New York

“Different Roads”

The exclusive association of MoMA’s history with the European-centered high modernism of Picasso and Mondrian is in need of serious revision. Alfred Barr, the museum’s first director, conceived of breaking the institution into separate departments out of a desire to put the so-called minor arts of photography, film, and industrial design on an equal footing with painting and sculpture. While Barr did not agree with Duchamp’s dismissive statement that “the only works of art America has given are her plumbing and her bridges,” he did complain in 1940 of “the tendency of the public to identify art with painting and sculpture,” while claiming that “no other museum in the country has done as much to further the interest of American photography, American films, American architecture and American industrial design.” The focus on applied and industrial arts led the museum to begin staging design exhibitions in 1933, and in the ensuing years it offered such groundbreaking shows as “Machine Art,” as well as displays like “Useful Household Objects Under Five Dollars,” that argued that good design need not be reserved for the carriage trade. “Different Roads: Automobiles for the Next Century” continued this legacy by showcasing automotive design as a means to meet such pressing issues as reduced pollution, increased safety, and affordability.

The eight cars in the museum’s garden were displayed like sculpture, arranged in a grid that rhymed with the layout of the garden as a whole. They were divided conceptually by curator Christopher Mount into autos with new types of power plants (electric motors, hybrid engines, etc.) and those featuring alternative materials, structures, and forms. It is interesting that most of these vehicles have been designed for the entry-level market, showing that the combination of overcrowding, expensive fuel (outside the US), and government regulation is producing innovation from the bottom up.

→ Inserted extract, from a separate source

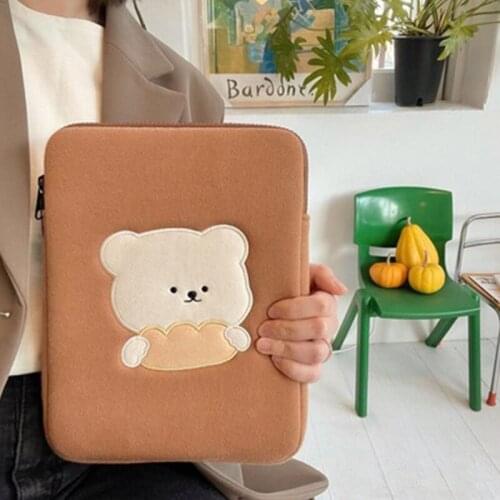 White Bear Case Laptop Storage Bag for Mac Ipad Pro 11 13 15Inch Sleeve Inner Bag for Girls Student Computer Protective Cover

Among those with new power plants, some innovations are clearly visible to the layman’s eye, while others are only evident to those well-versed in what is under the hood. The General Motors EV1, the first electric car in large-scale production in the US, is extremely stylish. Moving the rear wheels nine inches closer together than the front creates a teardrop shape, enhanced by rear wheel covers and a flat-bottomed undercarriage, all features that help make the EV1 the most aerodynamic— “slippery” in trade lingo—car in production. The Toyota Prius, on the other hand, looks unremarkable but has a computer that seamlessly switches between a four-cylinder gas engine and an electric motor. The car attains its highest fuel efficiency in stop-and-go city traffic, using energy generated by braking to power the electric motor.

The Smart Car, a collaboration between Swatch and DaimlerChrysler, is a good example of new materials and forms reinvigorating an established type. The ultimate city car, it is designed to fit into a parking space half the size of an ordinary one. At the same time the vehicle’s visible space frame and the positioning of the mechanical parts underneath its passenger compartment assure passenger safety. Like its Swatch cousins, the Smart Car looks like something you could trade with your friends, an impression reinforced by the fact that if you tire of the exterior, the multicolored body panels can be replaced by a technician in two hours. The Swatch connection is indicative of what separates this generation of small cars from the econoboxes of the past. As Mount says, “Automobiles that appear hair-shirt or underpowered . . . don’t inspire the kind of yearnings that prompt consumers to buy.” And as this statement suggests, all this innovation isn’t altruistic. The production of more efficient and affordable automobiles proceeds by the corporate logic that everyone would be happier if only they were a car owner, ignoring the fact that the replacement of the private car with forms of public transportation might be the best solution for the new century. But that would be the subject for another show.